In Ruby, I initialize the client this way:

@ec2_client = Aws::EC2::Client.new(
    region:      region,
    credentials: Aws::SharedCredentials.new(profile_name: profile),
    logger:      (debug ? @logger : nil),
    retry_limit: 20
)

Read more about exponential backoff here: https://docs.aws.amazon.com/general/latest/gr/api-retries.html

dhs-rec on 30 Aug 2018

Sorry, wrong formula. It's actually 2*retry0.3 (no parentheses), which means [0.3, 0.6, 1.2, 2.4,...].

dhs-rec on 30 Aug 2018

That seems like a pretty straightforward change. I can do that.

SwampDragons on 30 Aug 2018

🎉1

If any of y'all want to try out the attached PR and verify that it doesn't cause any other issues for you, I'd appreciate it.

SwampDragons on 30 Aug 2018

Just took a look at the AWS SDK for Go source code, and it seems that the default formula is different than the one used by the Ruby SDK. Please lookup aws/client/default_retryer.go in the Go SDK for details.

dhs-rec on 31 Aug 2018

Yeah, I read that the other day. The important part for us is that I think the default only sets a max of 3 retries.

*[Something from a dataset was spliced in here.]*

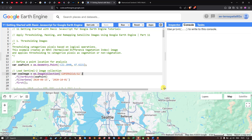Getting started with the basics of JavaScript for Google Earth Engine. Today we're going to focus on applying thresholding, masking, and remapping satellite images using Google Earth Engine. First, we're going to focus on thresholding images. Thresholding categorizes the pixel based on a logical operation — for example, creating an NDVI (Normalized Difference Vegetation Index) image and applying a threshold to classify pixels as vegetation and non-vegetation areas.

My PR ups this to 20

SwampDragons on 31 Aug 2018

🎉1

I'm going to lock this issue because it has been closed for _30 days_ ⏳. This helps our maintainers find and focus on the active issues.

If you have found a problem that seems similar to this, please open a new issue and complete the issue template so we can capture all the details necessary to investigate further.